Dengan jantung yang berdebar kencang, Xiaolin mundur sedikit. Matanya tidak bisa lepas dari mereka, tetapi dia tahu bahwa dia harus keluar dari tempat ini. Sesuatu yang aneh dan berbahaya terasa mengintai, dan dia merasa jauh dari siap untuk berhadapan dengan itu.
Namun, sebelum ia berbalik dan melangkah mundur, sekelebat bayangan gelap melintas di salah satu sudut ruangan. Xiaolin mengernyit, berusaha melihat lebih jelas, tapi bayangan itu menghilang dengan cepat. Hatinya semakin berdebar.
"Tidak," gumamnya, "Aku harus memberitahu kepala desa."
Dengan terburu-buru, Xiaolin berbalik dan melangkah menuju pintu keluar. Tetapi saat tangannya menyentuh gagang pintu, dia merasakan sesuatu yang aneh. Sesuatu terasa mengalir di dalam dirinya, seolah-olah dunia sekitar mulai menghilang.
Tiba-tiba, kilatan cahaya muncul dari jari manisnya. Xiaolin terkejut dan menatap tangan kanannya. Di sana, cincin dengan permata merah yang indah tiba-tiba muncul, melingkar erat di jarinya, seolah-olah sudah ada di sana sejak lama. Dia tidak pernah mengenakan cincin itu sebelumnya, dan untuk sesaat, rasa pusing melanda kepalanya.

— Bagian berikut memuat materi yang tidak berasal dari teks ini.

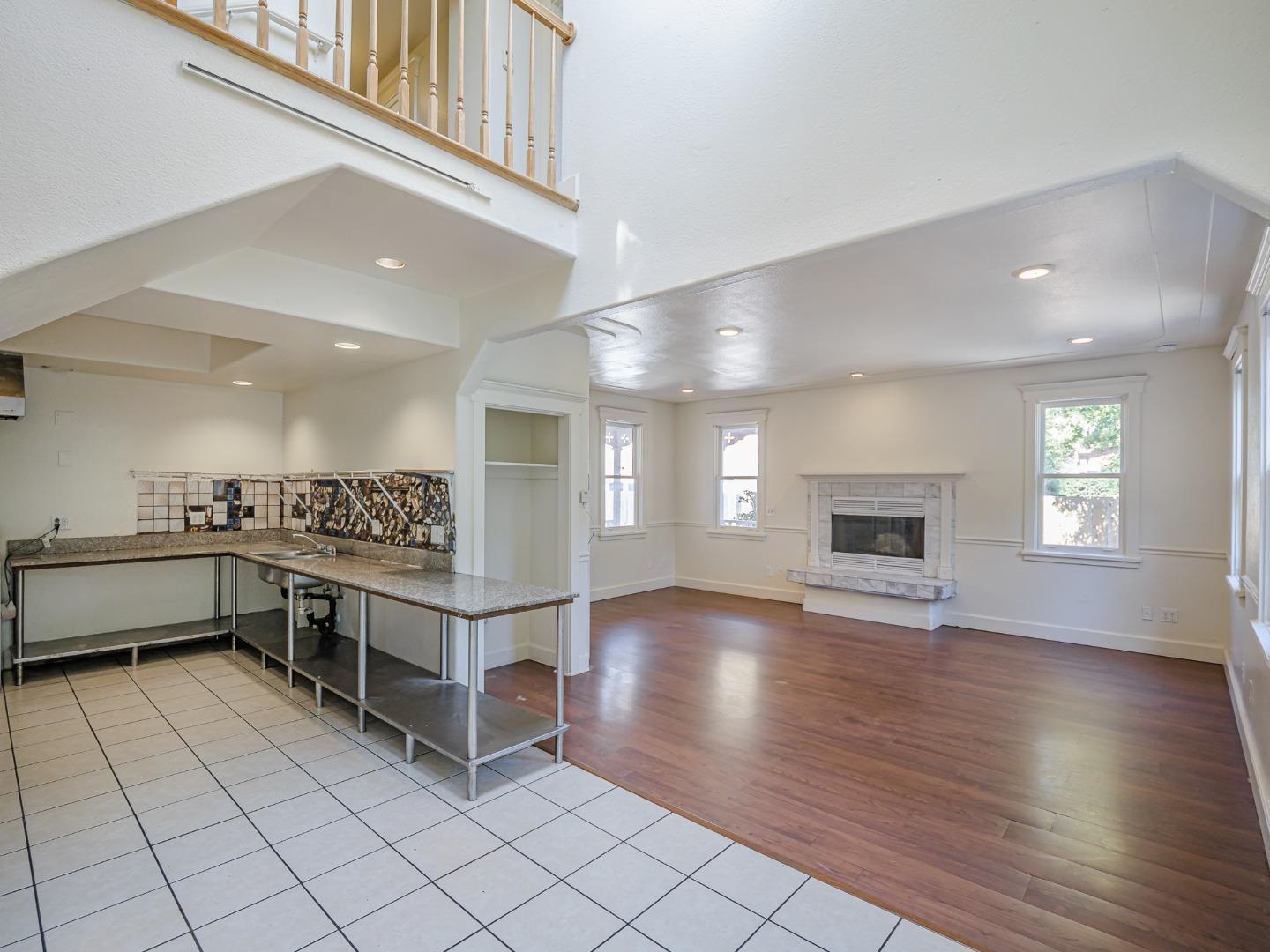 Detail Gallery Image 51 of 72 For 807 Laurel St, Santa Cruz,  CA 95060 - 4 Beds | 2 Baths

"Cincin ini..." Xiaolin bergumam, bingung. "Aku tidak pernah... bagaimana bisa?"
Kilatan itu perlahan meredup, tetapi kehangatan yang aneh dari cincin itu tetap terasa. Xiaolin merasakan bahwa benda itu sepertinya lebih dari sekadar perhiasan. Apakah ini sesuatu yang berhubungan dengan pria misterius itu? Pria yang mengantar dia kembali ke desa setelah kejadian aneh yang terjadi sebelumnya? Semua ini terasa terhubung dalam cara yang tidak bisa dia jelaskan.
Sambil menatap cincin itu dengan bingung, Xiaolin tahu satu hal: perjalanan ini belum berakhir. Sesuatu yang lebih besar dan lebih berbahaya sedang menantinya. Kini, dia harus kembali ke desa, tetapi dengan perasaan yang semakin gelisah tentang apa yang telah dia temui di dalam bangunan itu... dan cincin yang tidak dikenalnya.